En la misma línea, el historiador Nicolas Offenstadt, uno de los más críticos con el proyecto y autor de varias publicaciones sobre la utilización de la historia por parte del mandatario francés, denuncia la política de "exaltación de las raíces" en la que se inscribe a su juicio la iniciativa. "Es esa idea de que existe una Francia que siempre estuvo ahí a la que hay que valorar, lo cual constituye un discurso moral y político, no científico", dice. "El motor de este museo no es la voluntad de divulgar la historia, su motor no es otro que la idea de vender la nostalgia", zanja.
Offenstandt también cuestiona la propia relevancia del centro. "No hay ninguna necesidad de crear un museo de la historia de Francia, al igual que no había necesidad de lanzar un debate sobre la identidad nacional, ni sobre el islam", dice.
En cualquier caso, para el historiador y para parte de sus colegas, "hoy en día, cuando hay tantas interconexiones", la idea de crear un museo de historia restringido a Francia aparece como "una visión muy reducida y limitada".
Para Jean-François Hébért, encargado de la prefiguración del proyecto y director del palacio de Fontainebleau, el "pecado original" del proyecto no es otro que el de haber sido propuesto por el presidente Sarkozy.
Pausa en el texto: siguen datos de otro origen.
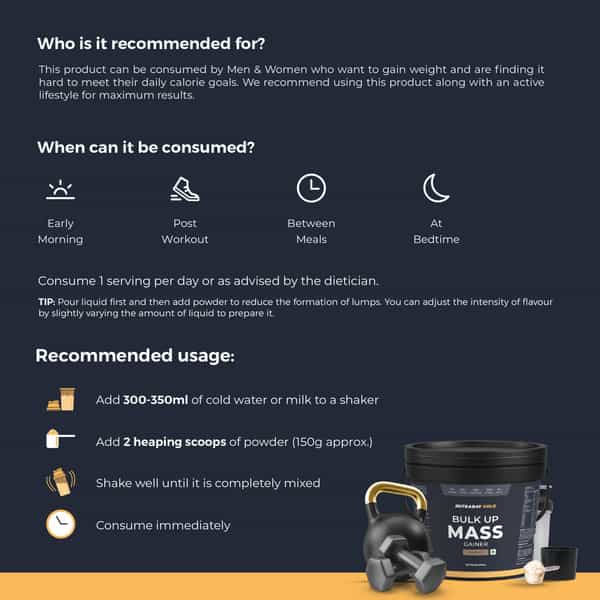 Nutrabay Gold Bulk Up Mass Gainer | Carbs To Protein Blend (3:1) | 30G Protein - 5Kg | Chocolate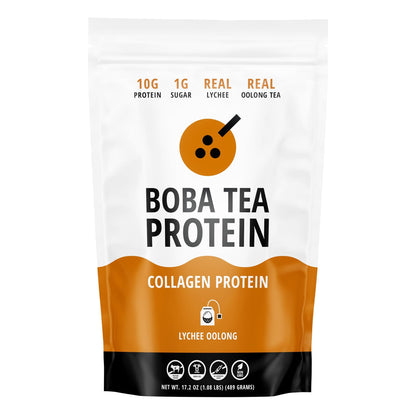 Boba Tea Protein Lychee Oolong Collagen | 30 Servings | Grass-Fed Hydrolyzed Bovine Collagen Powder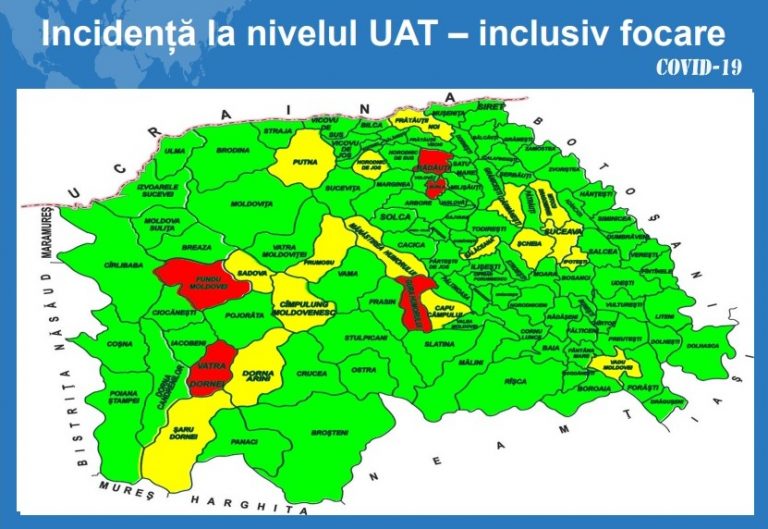 Situația pe localități a cazurilor de coronavirus din județul Suceava. Cele mai grave probleme sunt în Fundu  Moldovei, Rădăuți și Burla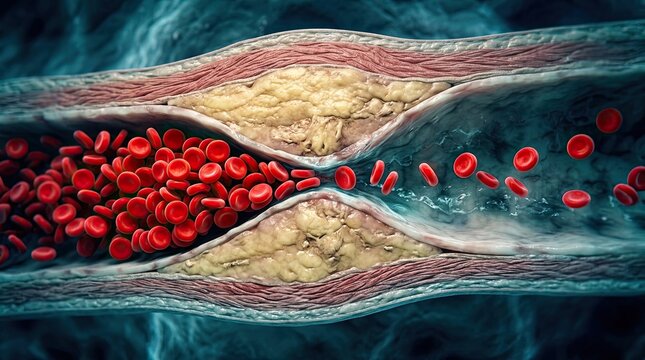 Close up 3d illustration of a narrowed artery showing plaque buildup restricting blood flow with illustration depicts cross section artery significant narrowing lumen impeding red blood cells body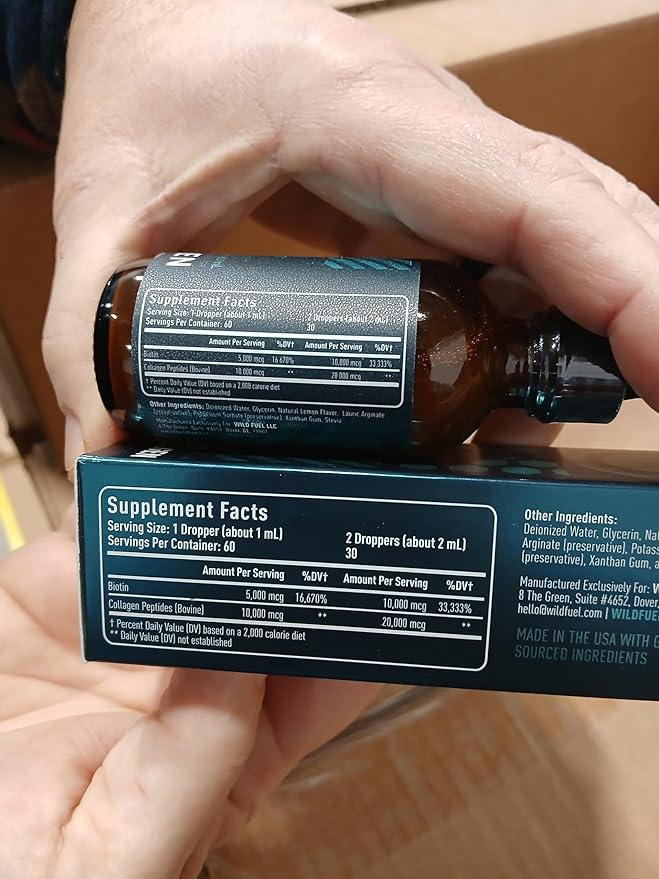 Liquid Collagen Peptides with Biotin Drops - 30000mcg Biotin and Collagen Liquid for Women and Men - Youthful Skin Hair Growth Strong Nails - Hair Vitamins for Hair Loss - Lemon Flavor - 2x2oz
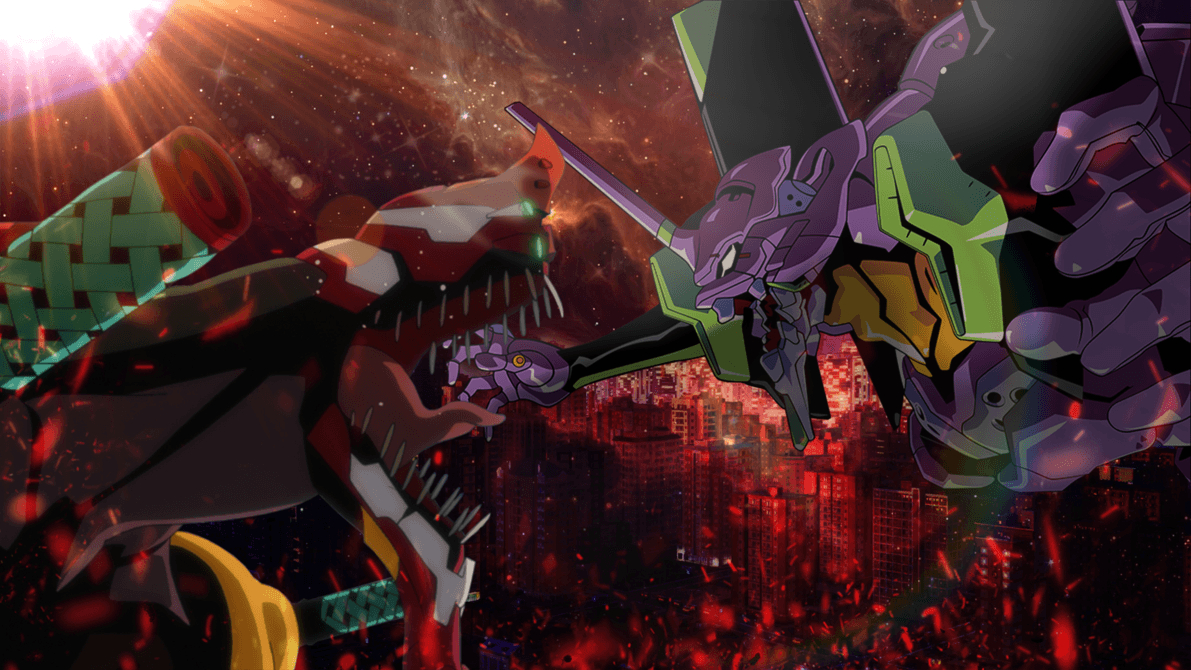 Neon Genesis Evangelion, Anime, Unit 1 vs Unit 2, Mecha, Japan, 1200x670 HD Desktop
Espera que con el nombramiento del comité científico, compuesto por una veintena de académicos de diversas tendencias políticas y especializaciones, el proyecto entre en una "fase de concreción de los contenidos" y se aleje así "de la polémica estéril". "Es increíble, se ha dicho de todo cuando todavía no hay nada decidido", apunta.
El comité ya se ha reunido en tres ocasiones, y debería presentar antes del verano un primer esbozo de sus planes.
De momento, una iniciativa que se va dibujando es la creación de una galería del tiempo, una suerte de cronología de la historia de Francia.
La elección de las fechas señaladas es por supuesto uno de los temas de debate. También está previsto que los jardines de la sede parisiense de los Archivos Nacionales, hasta ahora cerrados al público, estén en acceso libre a partir de este verano.
Antes de finales de año se celebrará una primera exposición preparatoria.
Pero para ello, los promotores del nuevo centro tendrán que superar otro obstáculo. El personal de los Archivos Nacionales está en pie de guerra en contra del proyecto de instalación del museo, que considera se hace en detrimento de su propio centro.
Una primera ronda de negociación parecía haber puesto fin a la protesta después de más de cuatro meses de ocupación del edificio.
Pero los piquetes volvieron la semana pasada decididos a no bajar los brazos hasta que logren que el museo que quiere Sarkozy se busque su propia sede.